Wider exemptions on A22 tolls

The government will not abandon plans to introduce tolls on the A22 (Via do Infante) motorway, but residents could be exempted from having to pay tolls throughout the route for up to eight years. The olive branch came in an interview with Patinha Antão, the Assistant Secretary of State for Health, who said that the tolls were vital in order to fund spending programmes.

Antão said that residents living near the former SCUT (toll free) routes, who are forced to use them everyday, could be exempted for a fixed period of time. “We do not exclude the possibility of exemptions on the Via do Infante, for example, that is an area for negotiation. There may also be other criteria, such as exemptions on routes connecting large cities, for example Faro and Lagos. Traffic surveys are currently in progress so that the government can decide the correct parameters to apply,” he added.

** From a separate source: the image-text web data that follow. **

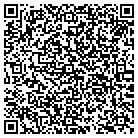 QR code with Frayer Enterprises L L C contacts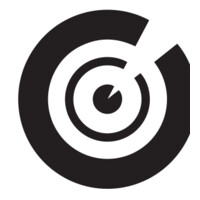 Woodlab - studio di ingegneria del legno Logo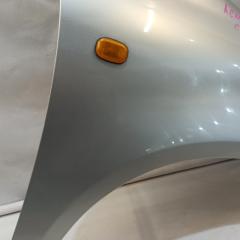 Крыло правое переднее TOYOTA IPSUM ACM21 4 ракурс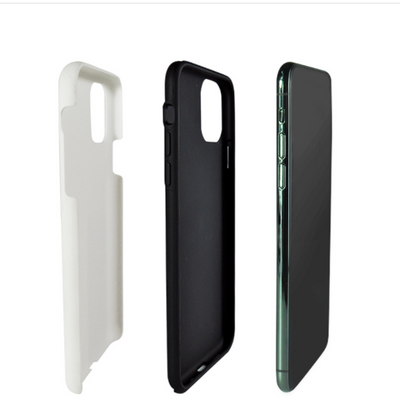 Funda Protectora Snap para Teléfono - Compatibilidad Universal - Image 41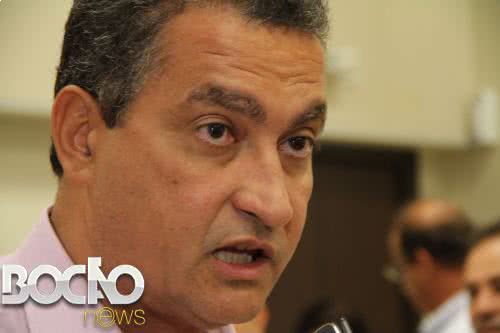 Paulo Macedo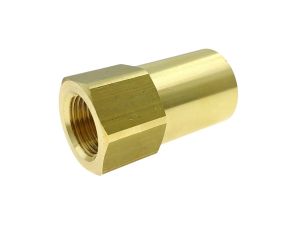  Złączka – wew. 3/4-16 UNF / wew. W 21,8×1/4″ –...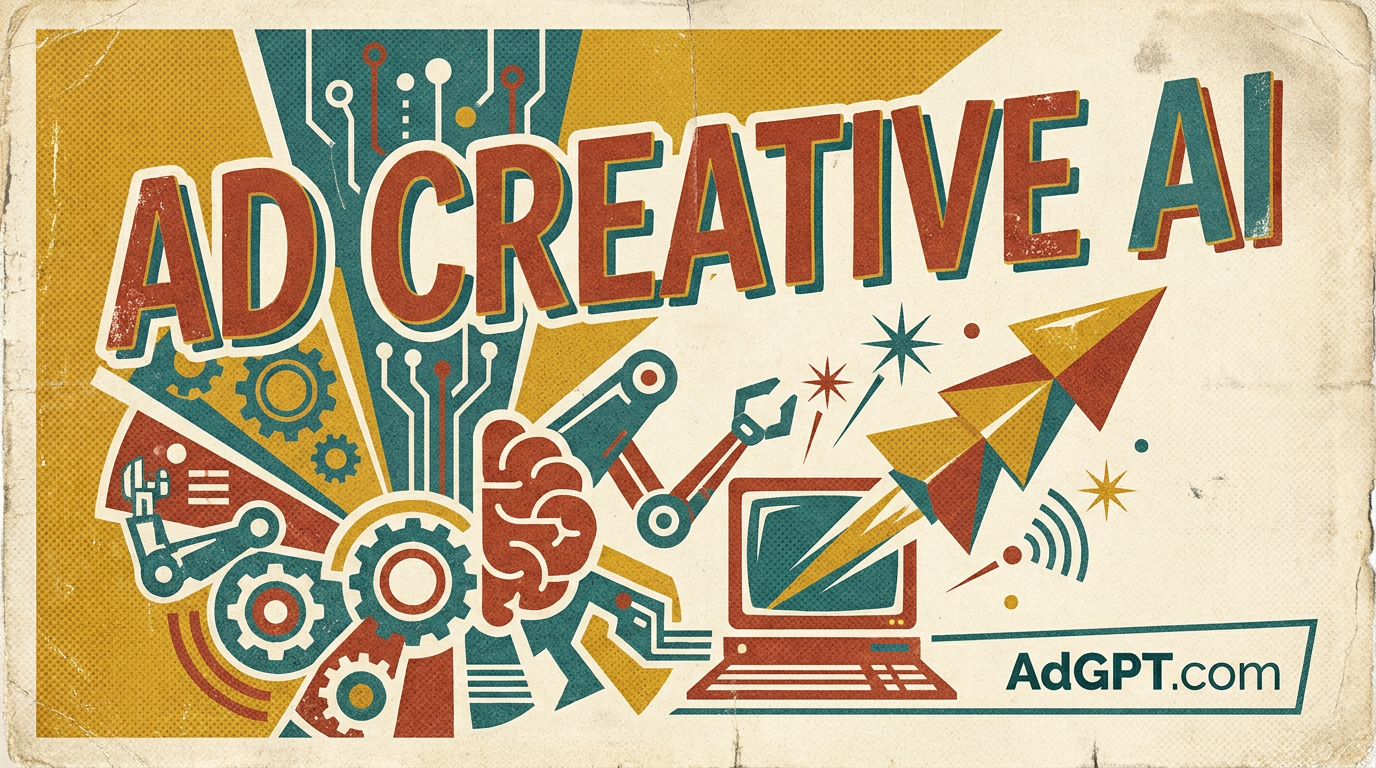 Ad Creative AI: How DTC Brands Beat Creative Fatigue in 2026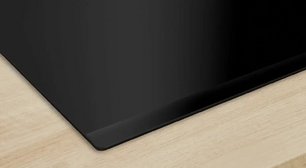 Индукционная варочная панель Бош PVQ631HC1E фото 4 в Санкт-Петербурге Индукционная варочная панель Bosch PVQ631HC1E фото 4 в Санкт-Петербурге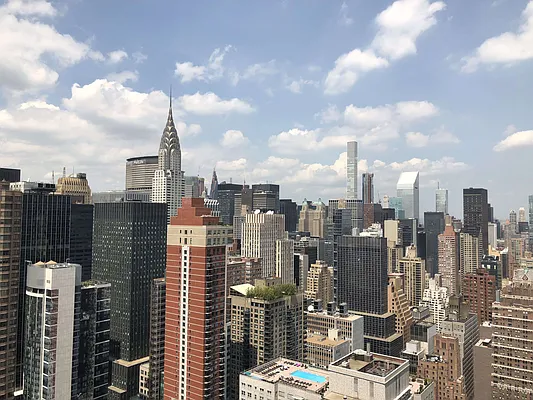 Rented by Furumoto Realty of New York City Inc | media 24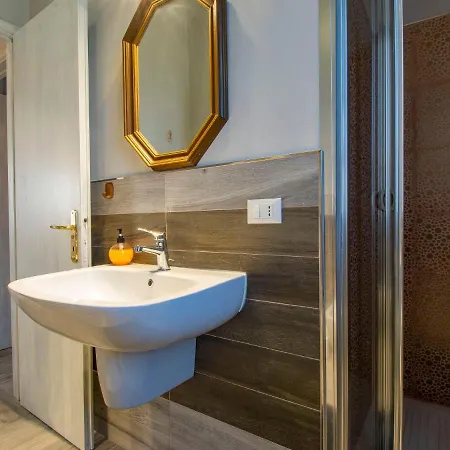 Vittoria By Interhome *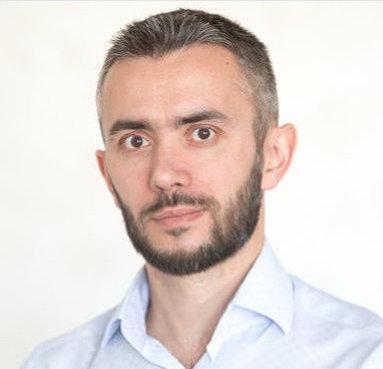 Артур Высокосный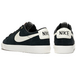 Nike Blazer Low Zoom GT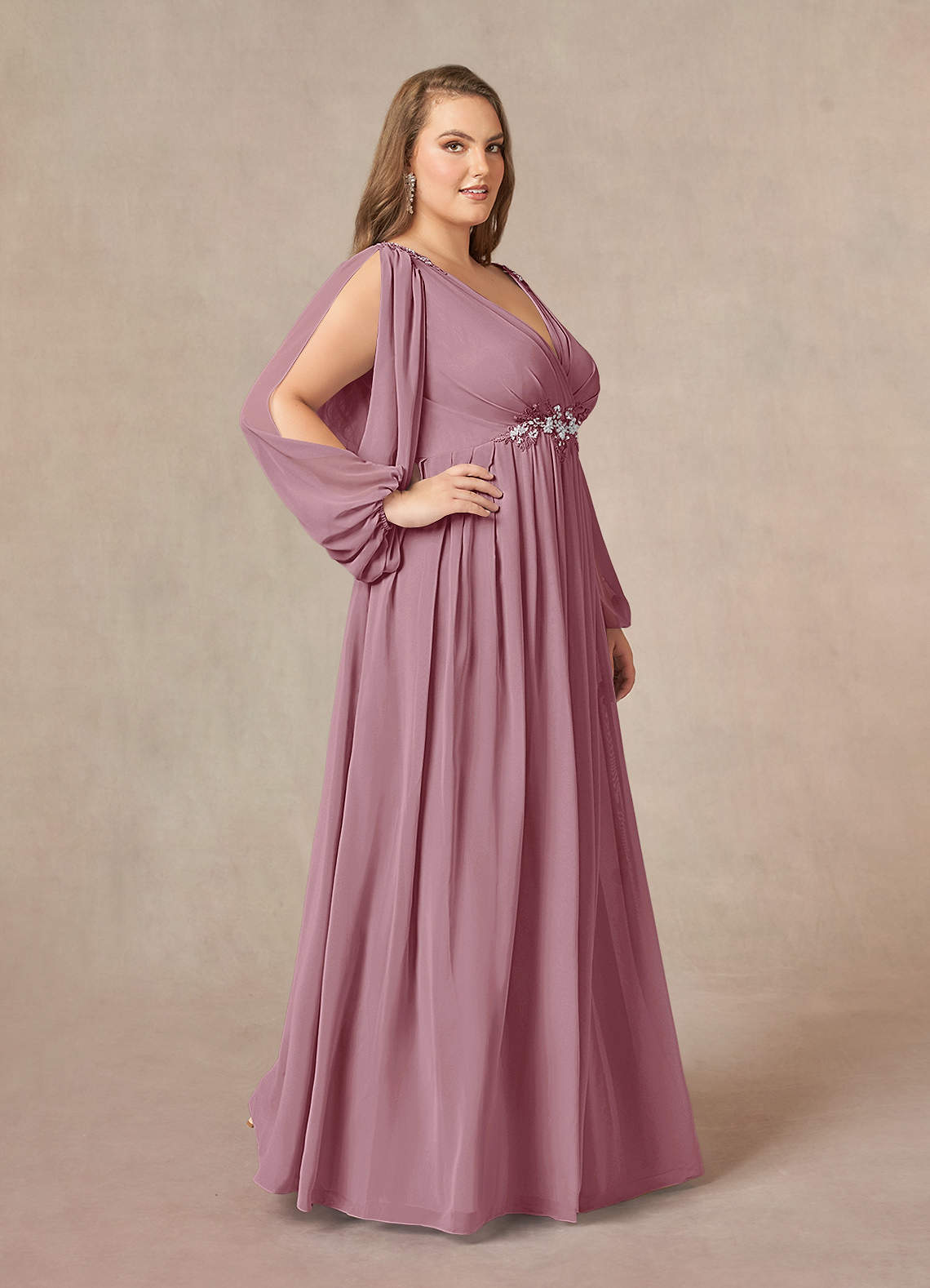 sondra celli dress cost Designer Sandra Dressmaker Celli Dress Prices Sondra Celli Wedding Dress Prices Sales Celli Dresses Sondra Celli Yelp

Antão said the Algarve would be given preferential treatment in one respect: “We consider it only fair that residents have the maximum exemption period of eight years for the simple reason that, at least half the Algarve, the Barlavento, was prejudiced greatly in terms of its access to the motorway. Therefore, we have stressed that the entire route should be toll-free for residents.”

Non-residents will have to pay

But, in spite of concessions, the government says it will stick to its intention of introducing tolls on all former SCUT routes. Antão made it clear that all non-residents, whether working people or tourists, will have to pay the tolls and the A22 will have no special status in this respect.

“It really is a question of fair play. Are we going to exclude one or more of these routes, or should they all be included in this nationwide collective undertaking? All these routes could be candidates for exceptions of one kind or other. The A22 has excellent arguments against the introduction of tolls but residents and local authorities are demanding exemptions on other highways as well,” said Antão.

Antão denies that tourists will find Algarve tolls off-putting. “We are dealing with tourists whose spending power is quite high, so I don’t think that tolls will influence their choice of holiday destination,” he said. Antão also believes that the payment of tolls in the Algarve is a relatively minor issue when set against improvements to the region’s transport infrastructure envisaged under the National Road Plan.

The minister cites various proposals: more connections between cities and villages, coastal links between the principal tourist zones, new inland routes, a surface metro system and improvements to the existing train service. These improvements can only be financed, he suggests, through the payment of tolls.

Furthermore, in order to maintain the SCUT routes free of cost to the user, the government would have to pay 10,000 million euros to the operators, “a colossal sum” equivalent to one and a half times the size of the state budget, or the value of five Vasco da Gama bridges, according to Antão.

Socialist government

“scrambled for votes”

Antão also criticised the former Guterres government for introducing the SCUT system: “The Socialist Party created this problem and then offloaded the impossible burden of paying 700 million euros every year, for 30 years, onto subsequent governments.”

Antão also says the Socialist government overlooked a “minor detail” – it advanced with the SCUT plans without concluding the environmental impact study. “While the studies were being concluded, many works had to be halted and others were remodelled, all at phenomenal costs,” he said.

He added that the concessionary SCUT routes were introduced for entirely electoral reasons in what he describes as “a desperate scramble for votes”. Antão says that whichever political party was in power, the only way the introduction of tolls could be avoided would be if the government were to increase taxes to pay for spending programmes or withdraw funds from crucial areas such as education and health.